WHAT TO DO |
Could the data below please be reproduced word for word, without the pictures?

COLLECTED MATERIAL |
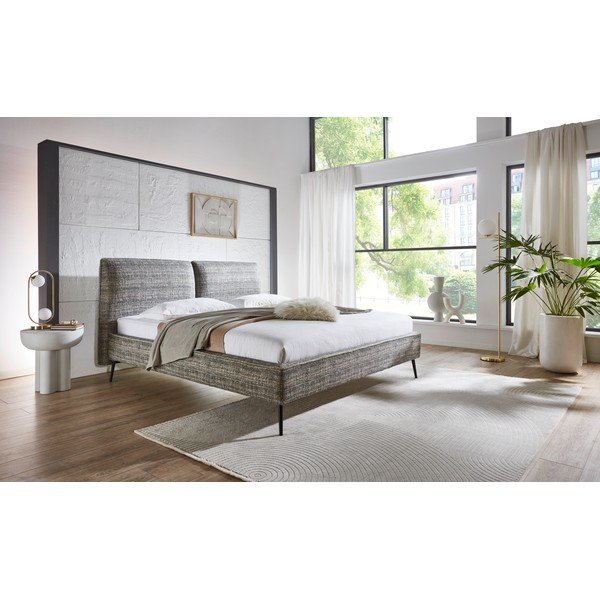 Pat matrimonial verde închis tapițat fără somieră 160x200 cm Infinity – Meise Möbel-image-1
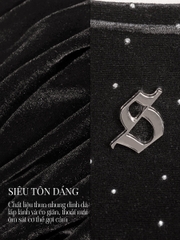 SISTERS Set áo hai dây quần đùi nhung kim sa Bunny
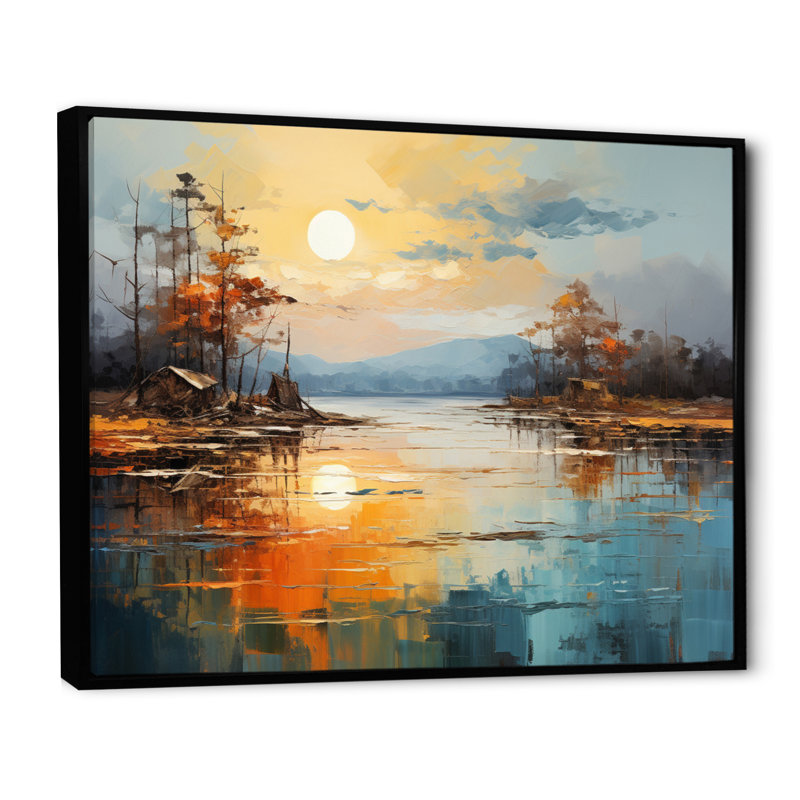 Orange Rivers Riverside Reflection II - Modern Canvas Prints, H 16 po x l 32 po x P 1 po, Cadre flottant noir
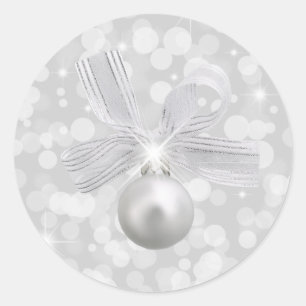 Silberne Bell-Weihnachtsaufkleber Runder Aufkleber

EXERCISE ANSWER |
 Pat matrimonial verde închis tapițat fără somieră 160x200 cm Infinity – Meise Möbel-image-1
 SISTERS Set áo hai dây quần đùi nhung kim sa Bunny
 Orange Rivers Riverside Reflection II - Modern Canvas Prints, H 16 po x l 32 po x P 1 po, Cadre flottant noir
 Silberne Bell-Weihnachtsaufkleber Runder Aufkleber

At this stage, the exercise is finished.